Depuis son investiture le 24 mai 2026, le nouveau président béninois Romuald Wadagni, élu avec une large majorité aux côtés de sa vice-présidente Mariam Chabi Talata, a rapidement traduit en actes sa volonté affichée de placer les femmes et les enfants au cœur de son projet de société. Loin d’une simple continuité avec le mandat de Patrice Talon, son prédécesseur, le nouveau chef de l’État a multiplié, dès les premières semaines de son mandat, les décisions à forte portée sociale et juridique.

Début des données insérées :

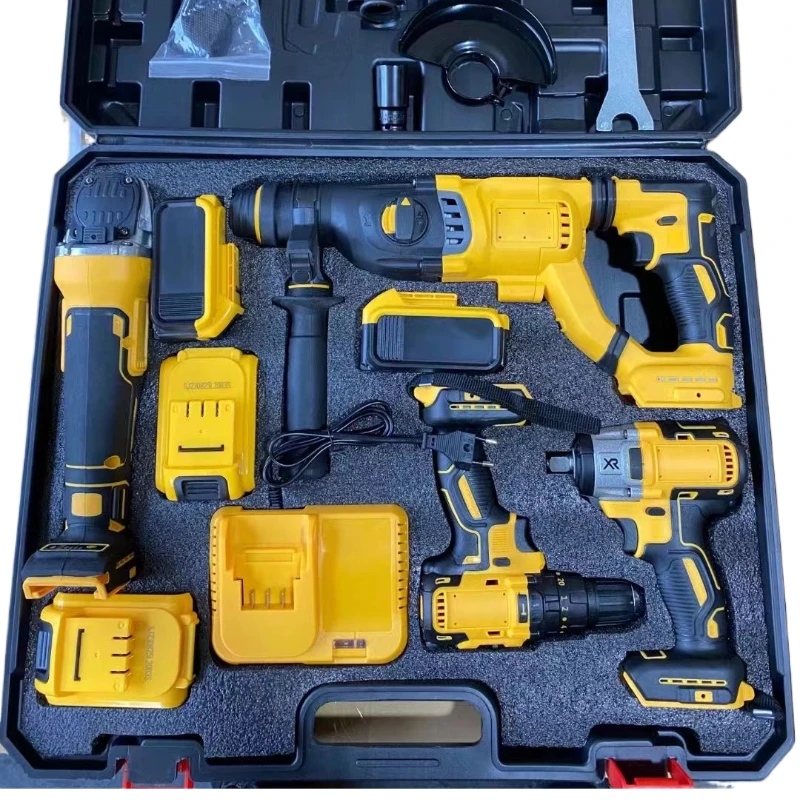 Professional 21V Cordless Lithium Electric Tool Set 4-Piece Household Tools Including Hand Drill Angle Grinder Wrench Draft OEM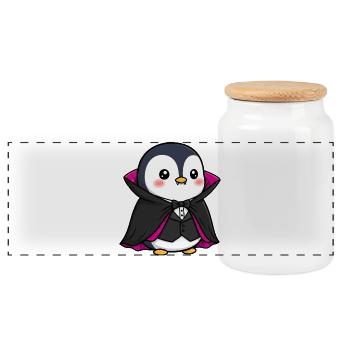 Cute Halloween Penguin Vampire Cartoon October - Panoramic Cookie Jar with Wooden Lid - white - Front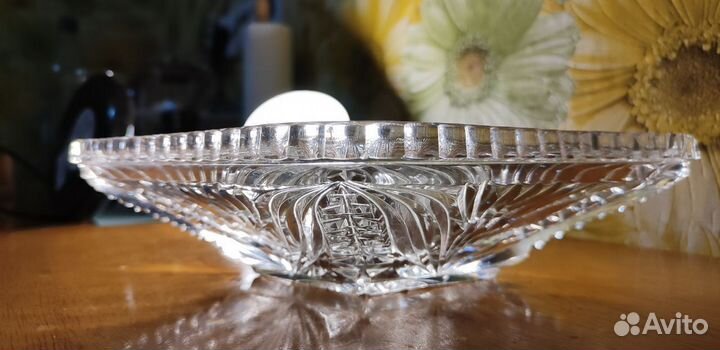 Хрустальная ваза для фруктов, салатник, конфетница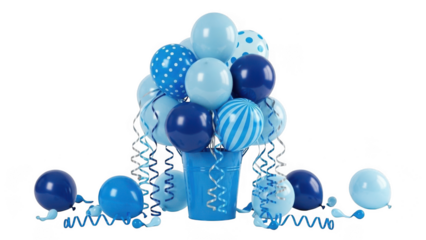 Blue balloons in bucket isolated on transparent background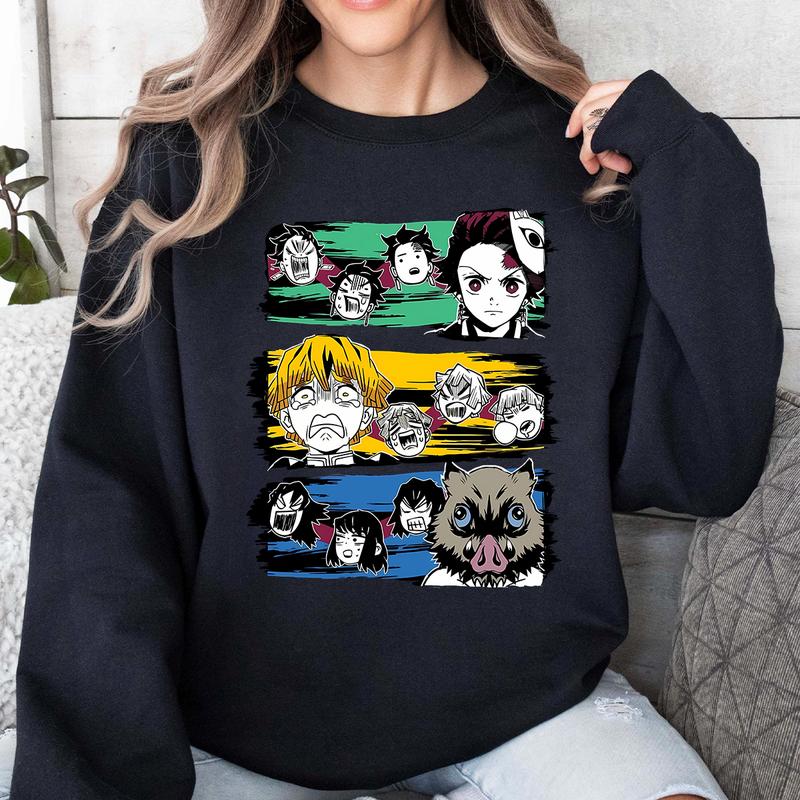 Demon Slayer team Shirt, Tanjiro Zenitsu Inosuke Shirt,Demon Slayer t-shirt, Kimetsu no Yaiba Shirt, Anime sweatshirt hoodie, Anime lover t-shirt Mens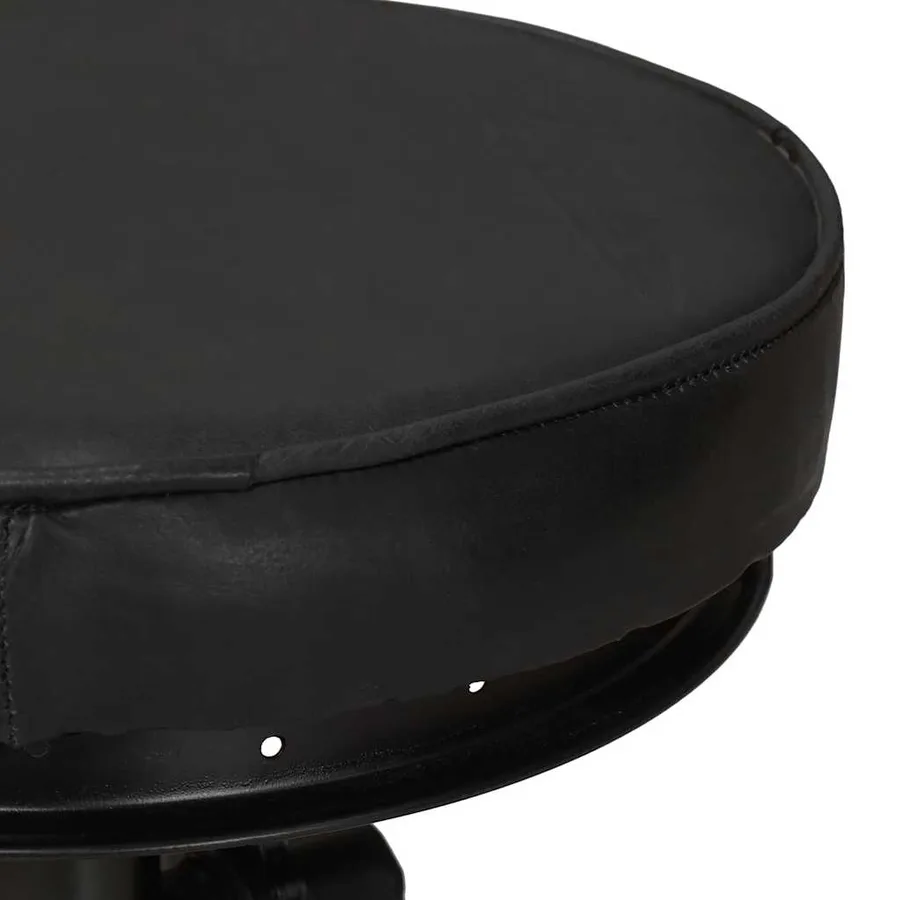 Tabourets de bar lot de 2 noir cuir véritable de chèvre - 6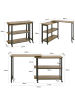 SoBuy Beistelltisch in Walnuss-Holzoptik matt - (W) 30 x (H) 69 x (L) 80 cm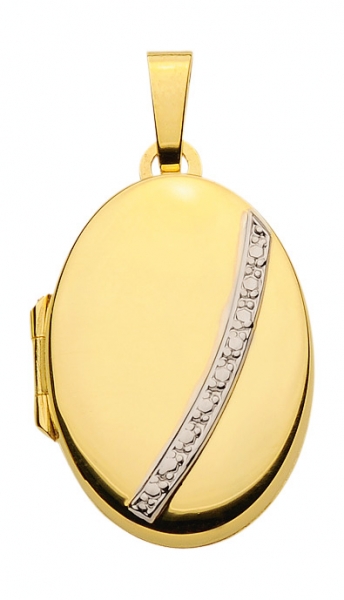 Medaillon oval Muster 17x23mm 8Kt GOLD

La gratuité scolaire généralisée pour les filles
La mesure la plus emblématique a été adoptée lors du Conseil des ministres du 3 juin 2026. Le gouvernement a décidé l’exonération totale des frais de scolarité pour toutes les élèves inscrites dans les établissements publics d’enseignement secondaire, du collège au lycée, sur l’ensemble des 77 communes du pays, dès la rentrée 2026-2027. Cette réforme vise à réduire les inégalités scolaires entre filles et garçons et à favoriser le maintien des adolescentes dans le système éducatif.

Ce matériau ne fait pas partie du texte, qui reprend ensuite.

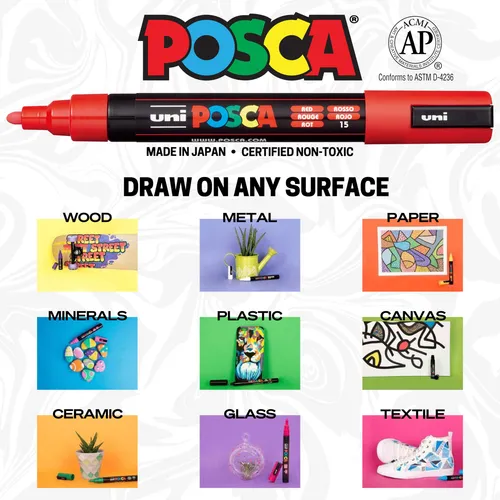 Fibrones Posca Punta Media - Juego De 15 Unid.(pc-5m15c)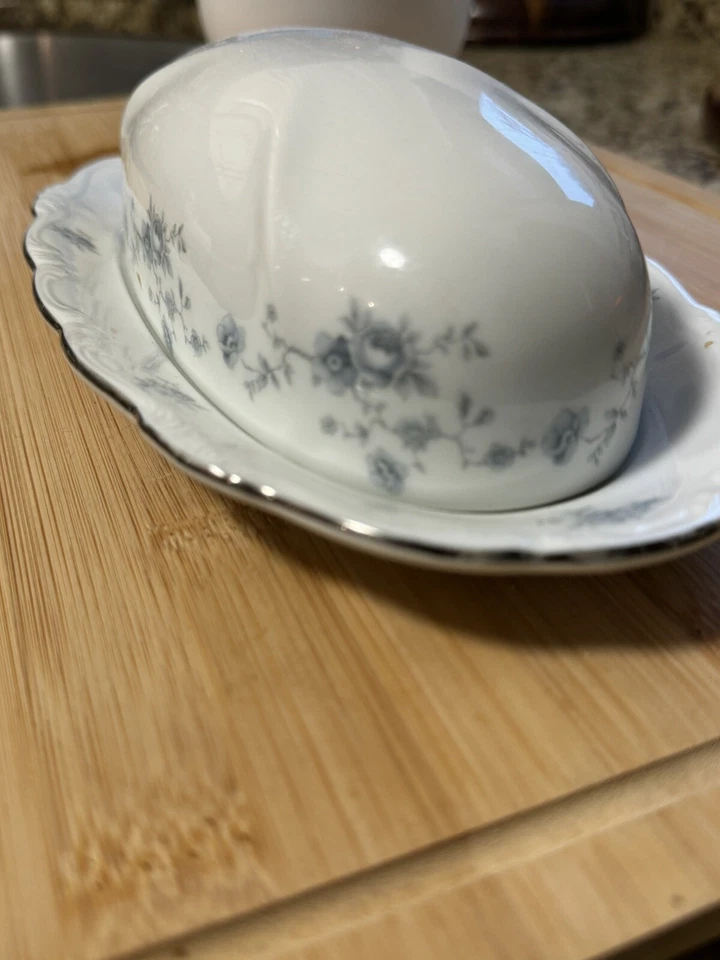 Johann Haviland синий гирлянда покрытый масло блюдо с крышкой Бавария Германия - Изображение 4 из 4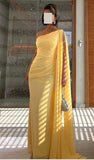 Gorgeous Mermaid One Shoulder Yellow Chiffon Party Prom Dresses Formal Summer Wedding Guest Dresses Wedding Guest Outfits HZ1121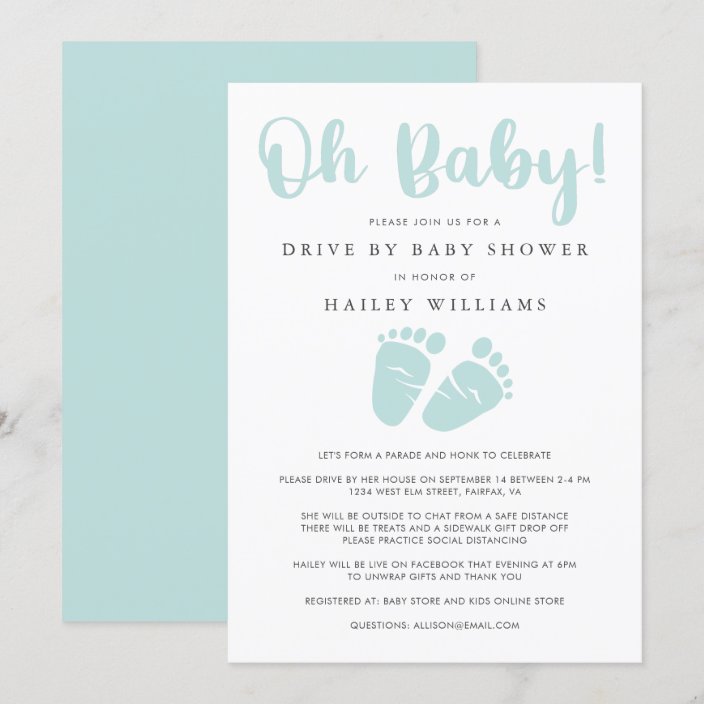 Drive By Baby Shower Oh Baby Baby Feet Mint Invitation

Pour l’accompagner, l’exécutif a annoncé un investissement de 20 milliards de FCFA destiné à accélérer l’accès à l’eau potable et à l’électricité dans les établissements publics qui en sont encore dépourvus — condition concrète pour garantir l’hygiène et le confort nécessaires à la scolarisation durable des jeunes filles.
Un cadre budgétaire élargi pour les plus vulnérables
Ces annonces s’inscrivent dans la loi de finances rectificative 2026, votée à l’unanimité. Le texte prévoit des mesures spécifiques pour les enfants en situation de rue, avec une attention particulière pour les zones septentrionales et frontalières. Le budget général confirme aussi l’amélioration des conditions d’accès des femmes à la propriété foncière, aux filières porteuses et aux matériels agricoles mécanisés dans les communes, ainsi que la construction de centres d’accueil pour enfants.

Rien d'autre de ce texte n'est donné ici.